2021-03-09

【環境経営が成長に直結する時代】サーキュラーエコノミー実現に向け、東大と連携 三菱ケミカル社長・和賀昌之の「化学会社も人類の共有財産を創る時代」

写真左から、藤原帰一・東京大学未来ビジョン研究センターセンター長、五神真・東京大学総長、石井菜穂子・東京大学理事、グローバル・コモンズ・センターダイレクター、和賀昌之・三菱ケミカル社長


〝総合化学〟へのこだわり

 三菱ケミカルは昨年、スイスのエンプラのリサイクル会社、ドイツの炭素繊維原料メーカーやリサイクル会社に出資。日本だけでなく欧州でも炭素繊維製品の製造から回収、リサイクルまで手掛けるなど、サーキュラーエコノミー(循環型経済)への投資を加速させている。

 クリーンな水素を使った化学品の製造やCO₂を原料として活用、また人工光合成などの技術開発でも貢献したいという。

 和賀氏が18年4月の社長就任以来訴えてきたのが「徹底的に〝総合化学〟にこだわる」こと。

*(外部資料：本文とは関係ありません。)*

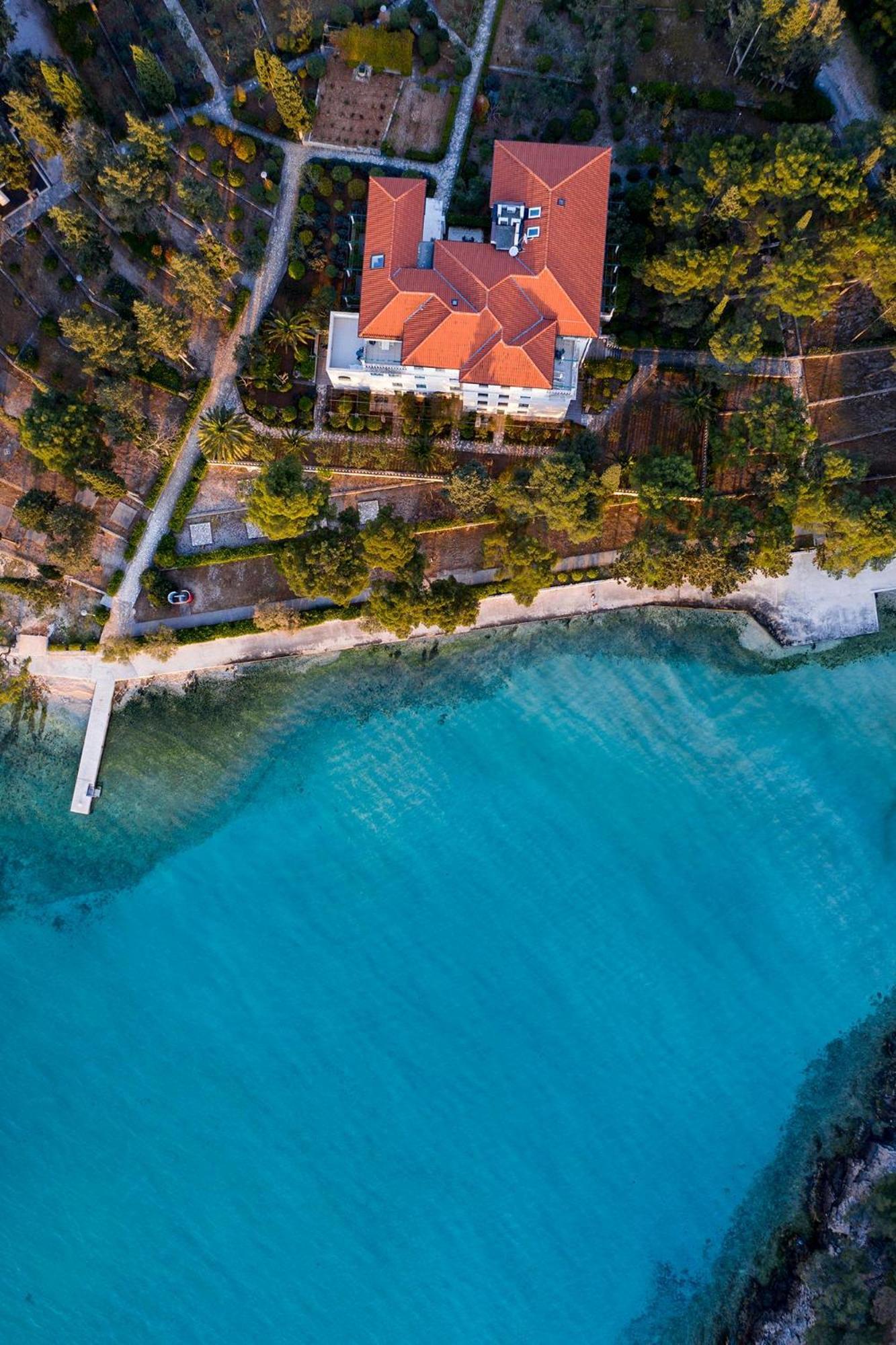 Aminess Vival Velaris Resort Supetar Εξωτερικό φωτογραφία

「有機も無機もそうですが、こっちの技術が隣の技術に良い影響を与える。こっちを知っているから向こうもわかることがある。専門的に深掘りするのも大切ですが、そこに入り込んでしまうと横への広がりが作れなくなるリスクがある」からだ。

 特に現代のように「原因がよくわからない社会命題を与えられたとき、戦える武器が1個か2個ではダメなんです。われわれ総合化学は、どの技術でどう問題に対処していくべきかで一日の長がある」と力を込める。

 強さの源泉は、日本の化学メーカーが昭和50年代から進めてきた「C1ケミストリー」の研究。C(カーボン)を分解する化学ではなく、Cを足して化合物を合成する研究だ。当時は原油価格が安く出番がなかったが、「われわれの分子合成技術にはその蓄積が今も綿々と残っている」と語る。

 世界の化学メーカーが専業もしくは医薬メーカーへと変わる中、今こそ、日本の総合化学は強さを発揮できると考える。

「原料を石油ではなく植物由来にする、CO₂を原料化するなどいろんなアプローチがある。うちはすでに植物由来の生分解性プラスチックや植物由来のプラスチックを出している。すでにマーケットに実証性のあるものを上市している先行者メリットはかなりあると思っています」

 企業は自らの技術力を磨き、その技術を社会に実装させる仕組みを大学が牽引する。単なる1企業と1大学の連携ではなく、社会、世界を巻き込んだ産学連携が動き出している。